- _Description of the task_: Below is a set of records, and all of them should be retyped exactly, minus the pictures.

- _Exercise input_:
━━━━━━━━━━━━━━━━
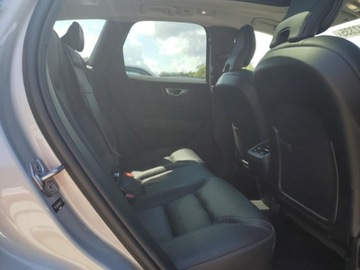 Volvo XC60 II 2022 Volvo XC 60 B5 Inscription 2022 2.0l 2.0 Benzyna 247KM, zdjęcie 11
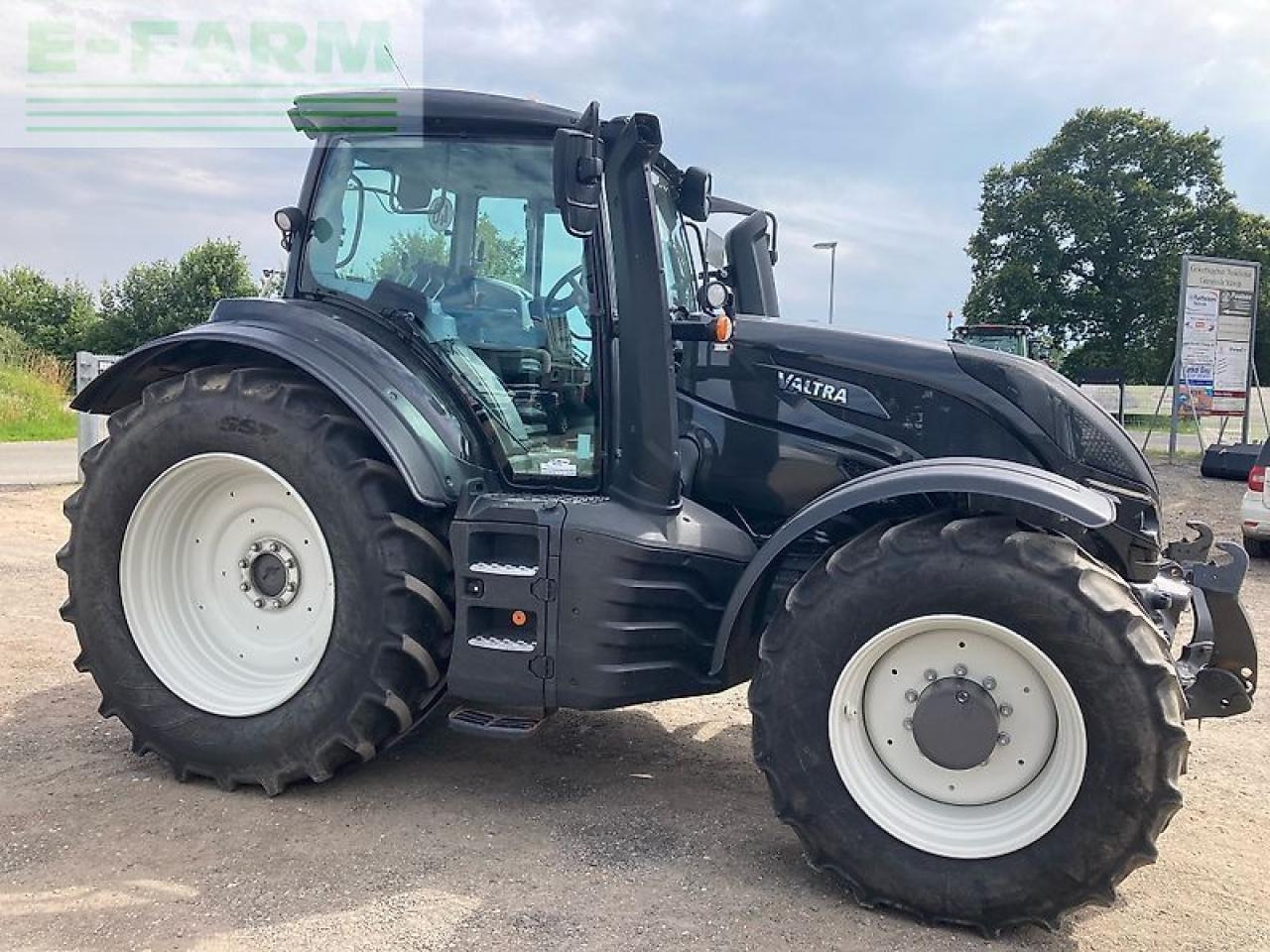 Valtra t254a mr19 - Трактор: фото 2 Valtra t254a mr19 - Трактор: фото 2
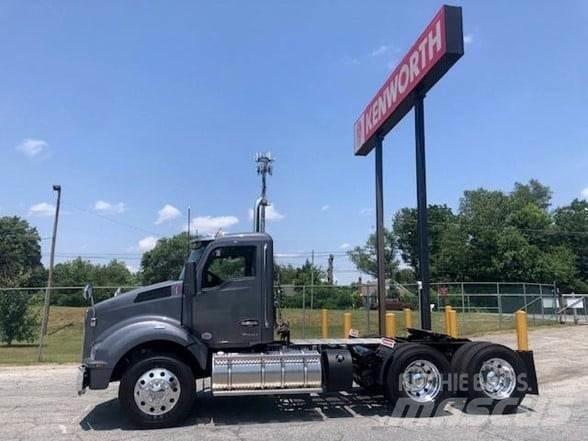 Kenworth T880 Trekkers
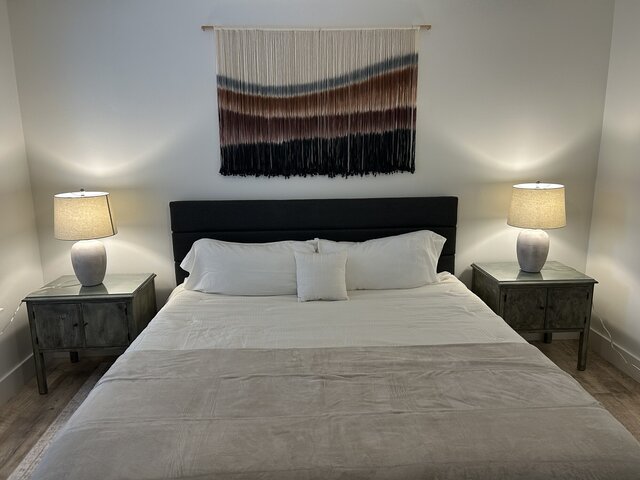 Image 22 for 6012) Crown Jewel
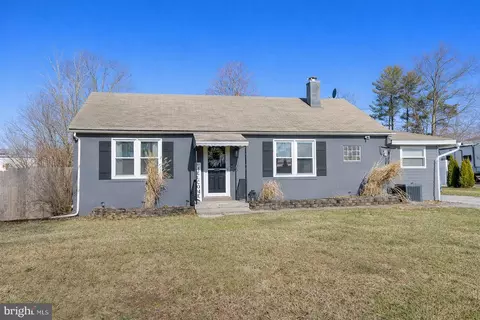 105 N Trooper Rd, Norristown, PA 19403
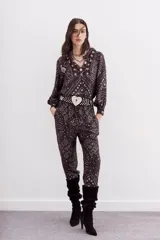 Pantalón tipo babucha de viscosa y modal con estampado estilo bandani. Presenta un corte fluido, cintura elastizada y cordón de ajuste con terminaciones metálicas.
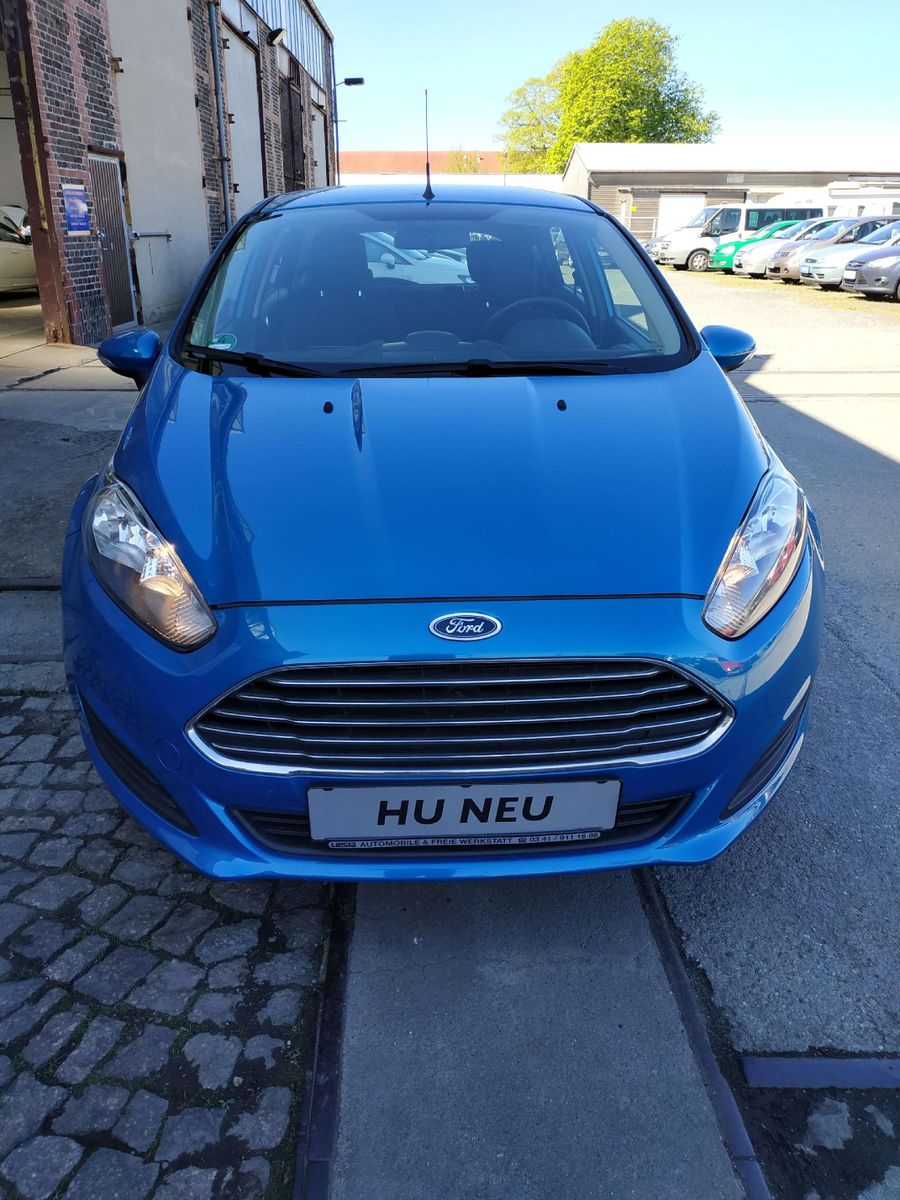 Fiesta 1.0/ TÜV NEU/ wenig KM/ Allwetter-ALU – Bild 2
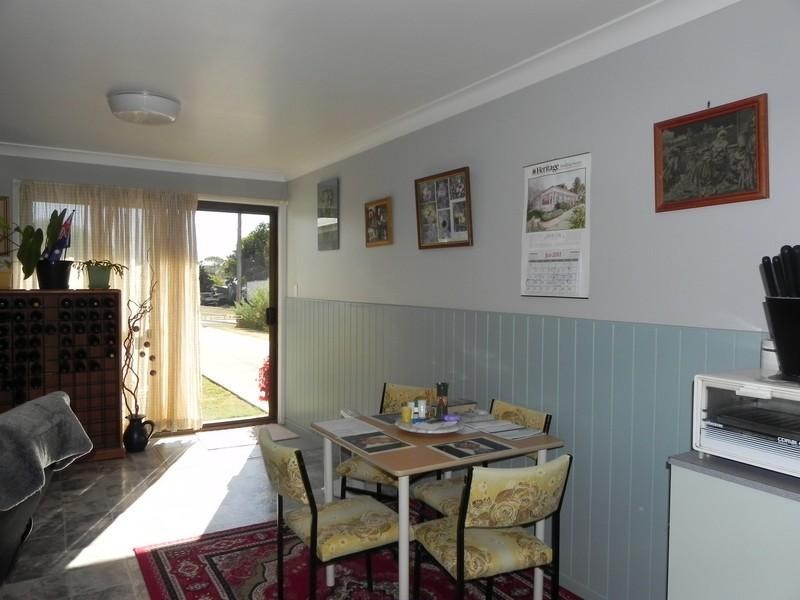 2/4 Denning, Pittsworth QLD 4356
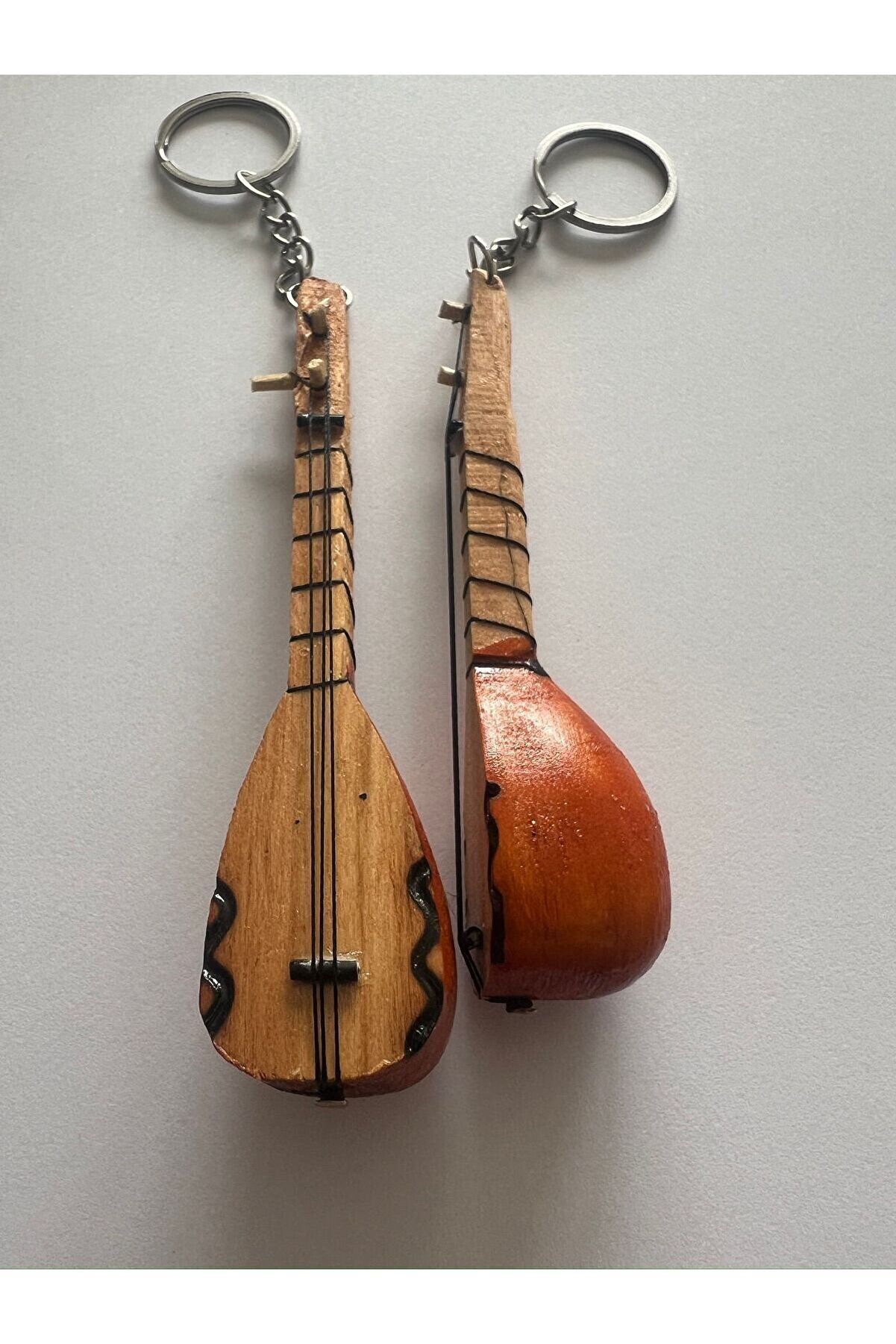 Ai̇rbrush Tattoo El Yapımı 2 Adet Bi̇rden Mi̇nyatür Anahtarlık Bağlama Saz Araba Süsü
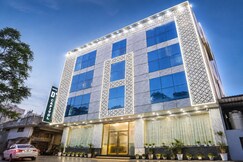 Hotel D' Capitol - Delhi Airport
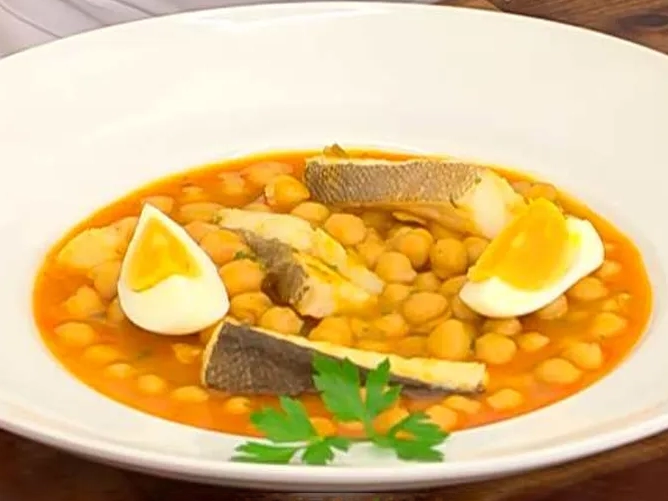 Garbanzos marineros, receta con legumbres y pescado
━━━━━━━━━━━━━━━━
- _Problem solution_:
 Volvo XC60 II 2022 Volvo XC 60 B5 Inscription 2022 2.0l 2.0 Benzyna 247KM, zdjęcie 11
 Valtra t254a mr19 - Трактор: фото 2 Valtra t254a mr19 - Трактор: фото 2
 Kenworth T880 Trekkers
 Image 22 for 6012) Crown Jewel
 105 N Trooper Rd, Norristown, PA 19403
 Pantalón tipo babucha de viscosa y modal con estampado estilo bandani. Presenta un corte fluido, cintura elastizada y cordón de ajuste con terminaciones metálicas.
 Fiesta 1.0/ TÜV NEU/ wenig KM/ Allwetter-ALU – Bild 2
 2/4 Denning, Pittsworth QLD 4356
 Ai̇rbrush Tattoo El Yapımı 2 Adet Bi̇rden Mi̇nyatür Anahtarlık Bağlama Saz Araba Süsü
 Hotel D' Capitol - Delhi Airport
 Garbanzos marineros, receta con legumbres y pescado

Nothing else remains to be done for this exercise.